# DDoS protection

## cerebrum

Hi all... I have a problem:

somebody send to my server HUGE traffic with just connect request to 80 port... Apache not load CPU so high...

But i can't connect to Apache via browser...

What can i do???  :Crying or Very sad: 

----------

## Prompty

block all traffic on port 80 for the time being .... 

or block IP/IPs of those DDoSing you ...

can you get to to the server in any other way ? ssh ? telnet ? rootkit ^_^ ?

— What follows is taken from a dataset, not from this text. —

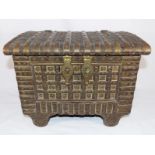 A good quality lidded chest with applied brass panelling, twin handles,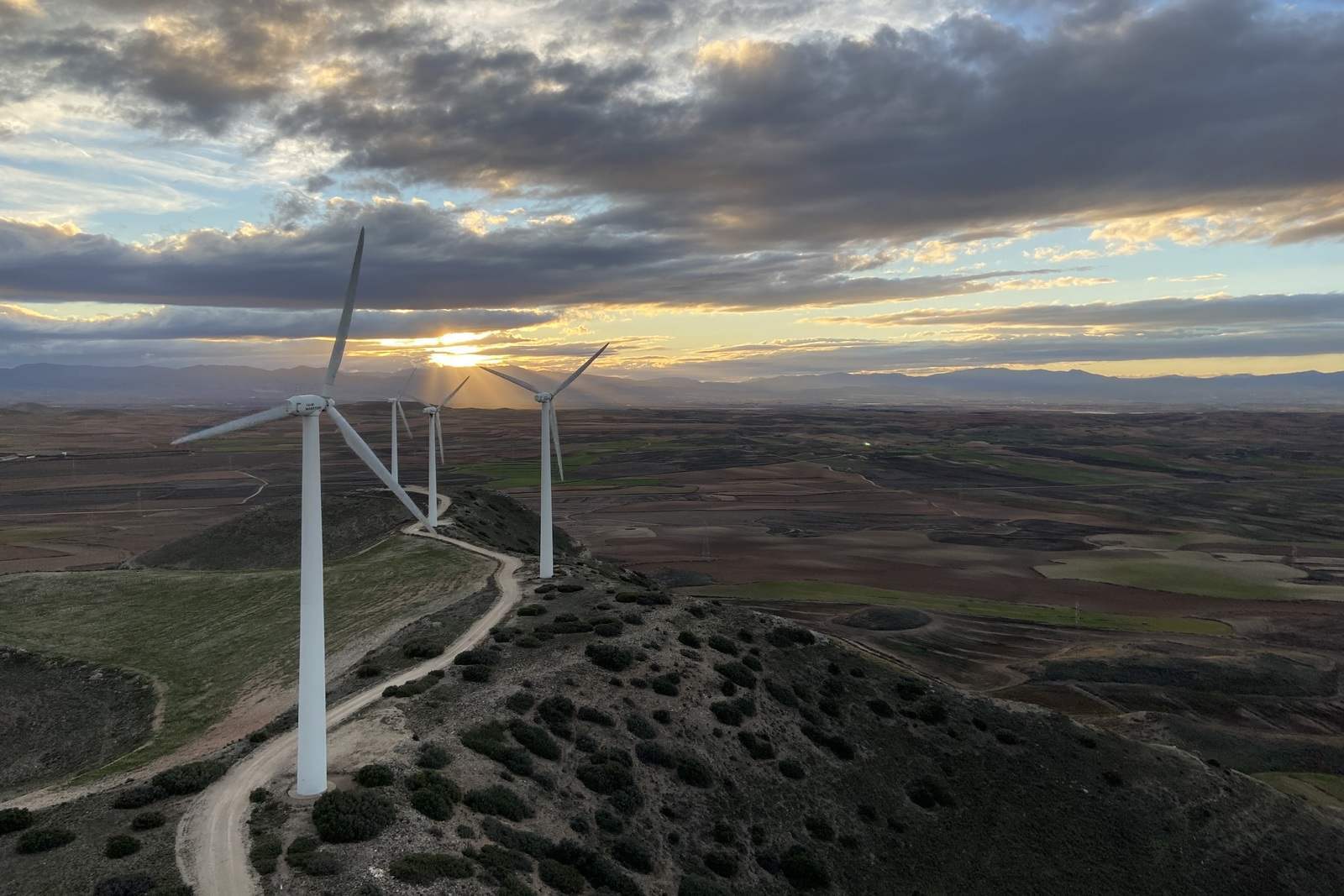 A scenic view of wind turbines on a hilltop during sunset, with dramatic clouds and expansive fields in the background.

how do you know it's a dos ?

----------

## profy

Use iptable to limit the number of access with the module limit, you can choose de frequencie of SYN TCP packet like 5 by second. But other user will be limited too, i remember a feature kernel which protect again dos attack look at it too.

----------

## kashani

You might try enabling syncookies as well. With syncookies enabled the OS will wait till the three way TCP handshake is finished before handing the connection over to the daemon. Most SYN attacks just do the first part of the handshake trying to get the most bang for their buck so this has a high chance of stopping the attacks without affecting normal users.

IIRC it's a kernel config in the Networking menu.

kashani

----------

## CRC

 *kashani wrote:*   

> You might try enabling syncookies as well. With syncookies enabled the OS will wait till the three way TCP handshake is finished before handing the connection over to the daemon. Most SYN attacks just do the first part of the handshake trying to get the most bang for their buck so this has a high chance of stopping the attacks without affecting normal users.
> 
> IIRC it's a kernel config in the Networking menu.
> 
> kashani

 

Actually, its not just a bang for the buck.  Its a resource depletion issue.  There is a finite number of half-open connections allowed, and the TCP standard allows for very long timeouts waiting for the SYN-ACK.  Since you can send fake SYN packets with any address and port combination you want, you can cause a huge number of fake connections that take so long to timeout that you can overflow the connection table and make the server stop responding to connections, even from a dial-up modem in some cases.

SYN-cookies changes the way this works so there is no connection table needed.   You'll have to turn it on in the kernel, and turn it on every time you boot with a sysctl or with 

echo 1 >/proc/sys/net/ipv4/tcp_syncookies

Additionally, syn-cookies are only used when the server's syn table is completely full as you lose your tcp options and some other issues when syn cookies come into play ... however, you can still make connections and survive the syn flood!

-- Evan

----------